Around the same time Honda received Type Inspection Authorisation for the HondaJet. TIA is the final step before FAA pilots can fly the HondaJet as part of the certification process and indicates that the jet meets type design requirements.
The light-cabin, Garmin G3000-equipped business jet has a maximum cruise speed of 420kt and a range with four passengers of 1,180nm.
Having secured market approval for its first remanufactured aircraft – the 400XTi light business jet – Nextant has turned its attention to a second aircraft from the Hawker Beechcraft stable. Its revamped King Air G90XT is scheduled to make its first flight in the second quarter, leading to service entry early next year.
The G90XT is the first of several King Air upgrade programmes planned by Nextant and its programme partner GE Aviation. The first model replaces the C90’s Pratt & Whitney Canada PT6 turboprop engines with GE H80s – a modernised version of the Walter M601. Other upgrades include the addition of a Garmin G1000 flightdeck, a new interior and a refresh of all life-limited components.

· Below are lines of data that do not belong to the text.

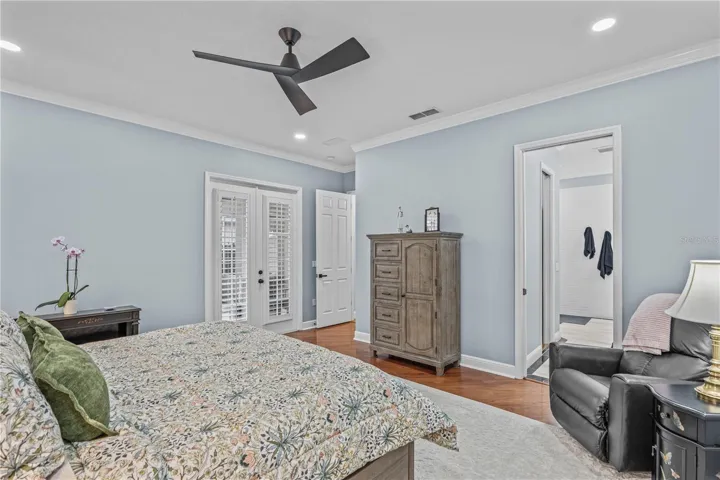 Looking toward the entrance to the primary bedroom-- and showing the French doors to the lanai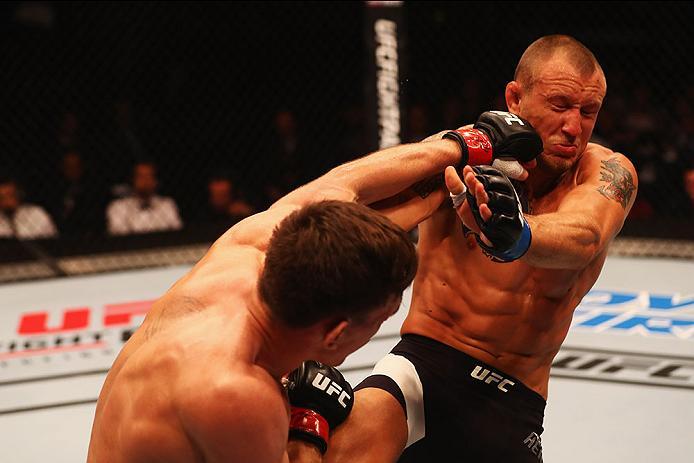 HAMBURG, GERMANY - SEPTEMBER 03: Scott Askham (L) of England punches Jack Hermansson (R) of Sweden in their Middleweight Bout during the UFC Fight Night held at Barclaycard Arena on September 3, 2016 in Hamburg, Germany. (Photo by Dean Mouhtaropoulos/Zu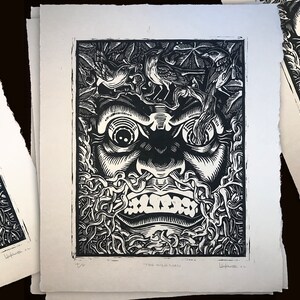 May include: Black and white woodblock print of a face with a snarling expression. The face is surrounded by vines and leaves. The print is titled "The Wild Man".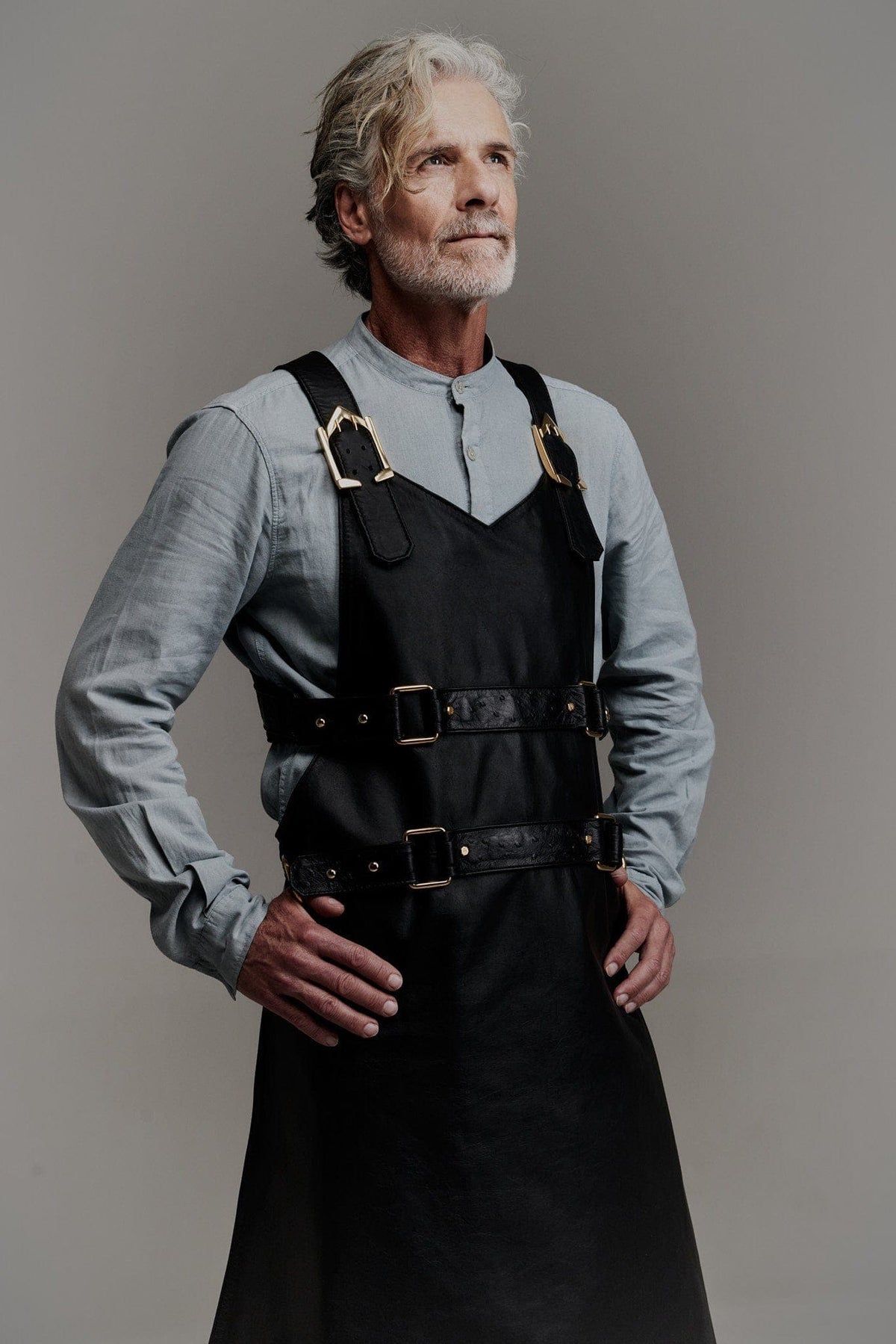 Eskandur men&#39;s black leather luxury apron front view grey haired man with the hands on the hips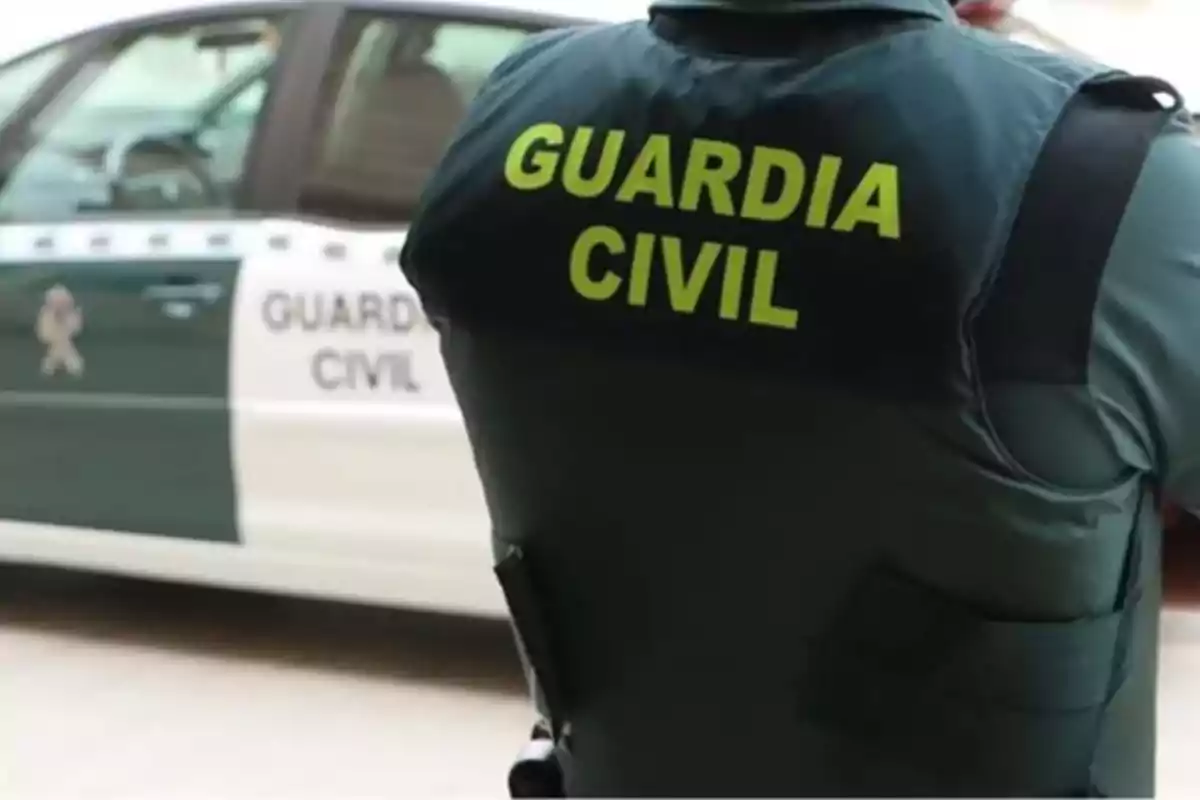 Un agente de la Guardia Civil de espaldas con un coche patrulla al fondo.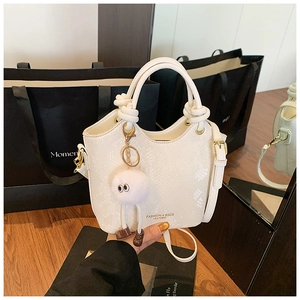 Détail du sac seau blanc à texture serpent avec breloque peluche monstre et poignée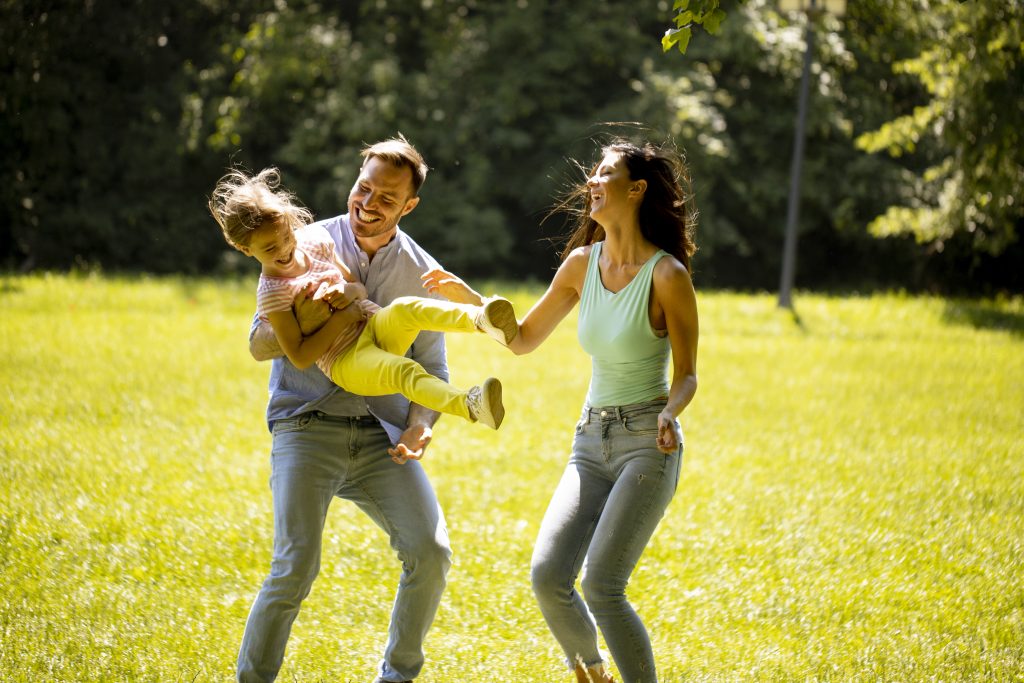 Familie mit Vater und Mutter und Tochter auf einer Wiese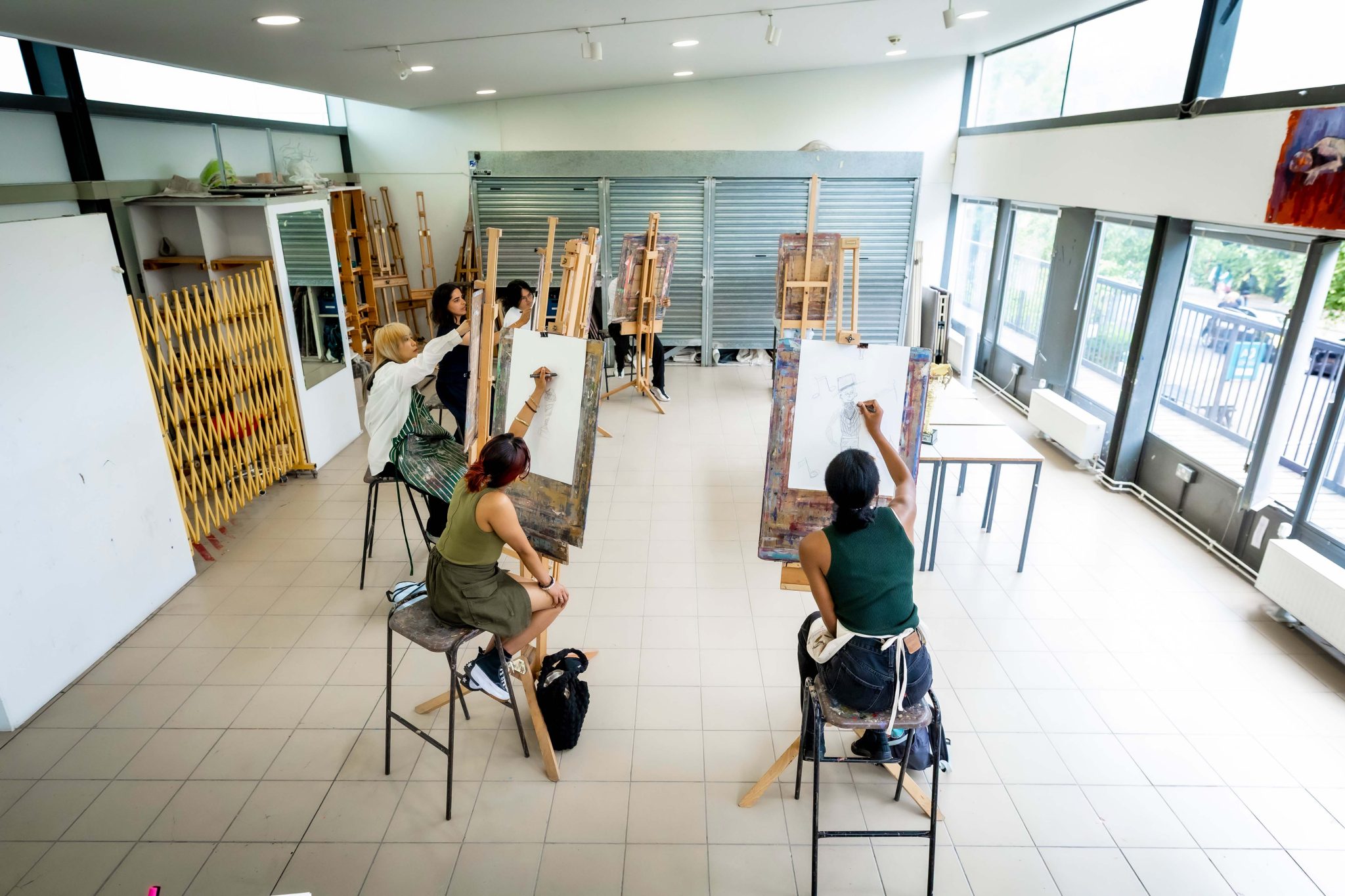 A group of people in a circle with easels drawing on paper, in an art studio.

Pilatus launched its superlight PC-24 a year ago – marking its first foray into the business jet manufacturing arena. The Swiss airframer, which produces the venerable PC-12 NG turboprop single, has self-styled the PC-24 “a super versatile jet” to differentiate the eight-seater from other aircraft in its
class. The PC-24 “combines the versatility of a turboprop with the cabin size of a medium light jet, and the performance of a light jet”, says Pilatus. “It simply doesn’t fit into any of the existing business jet categories. That’s why we had to create a new one.”
The $9 million twinjet has a projected take-off distance of 820m (2,690ft) and a landing distance of 2,525ft, enabling it to operate from unpaved runways and grass strips. “This gives the aircraft access to more than 21,000 airports worldwide –10% more than competing jets,” Pilatus says. The Williams FJ44-4A-powered PC-24 will have range with six passengers of 1,800nm and a cruise speed of 425kt. It will also include Pilatus’s advanced cockpit environment, developed in partnership with Honeywell, and feature a synthetic vision system, auto throttle, TCAS II, and graphical flight planning, as well as a large cargo door and a pressurised in-flight baggage compartment.
The first of three flying prototypes is being built at Pilatus’ Stans headquarters and roll-out is scheduled on 1 August to mark the Swiss National Day, says the airframer. First flight is planned for early 2015, leading to certification and service entry of the $9 million aircraft in 2017.
Pilatus plans to announce its PC-24 launch customers at EBACE this month.
Syberjet is planning to fly the upgraded version of the SJ-30 later this year, equipped with its Honeywell Primus Apex-based flightdeck, called Sybervision.
The latest version of the high-speed, light business jet will also feature a new interior. These enhancements should lighten the aircraft by approximately 200lb, says SyberJet, whose parent company MSC purchased the assets of the former SJ30 owner, Emivest Aerospace in April for $3.5 million.
MSC is also the parent company of Metalcraft, which is manufacturing and assembling the majority of the SJ30’s airframe.
The Williams FJ44-2A-powered SJ30 has a ceiling of 49,000ft, a high-speed cruise speed of M0.83, a range of 2,500nm and maintains a sea-level cabin pressure to 41,000ft.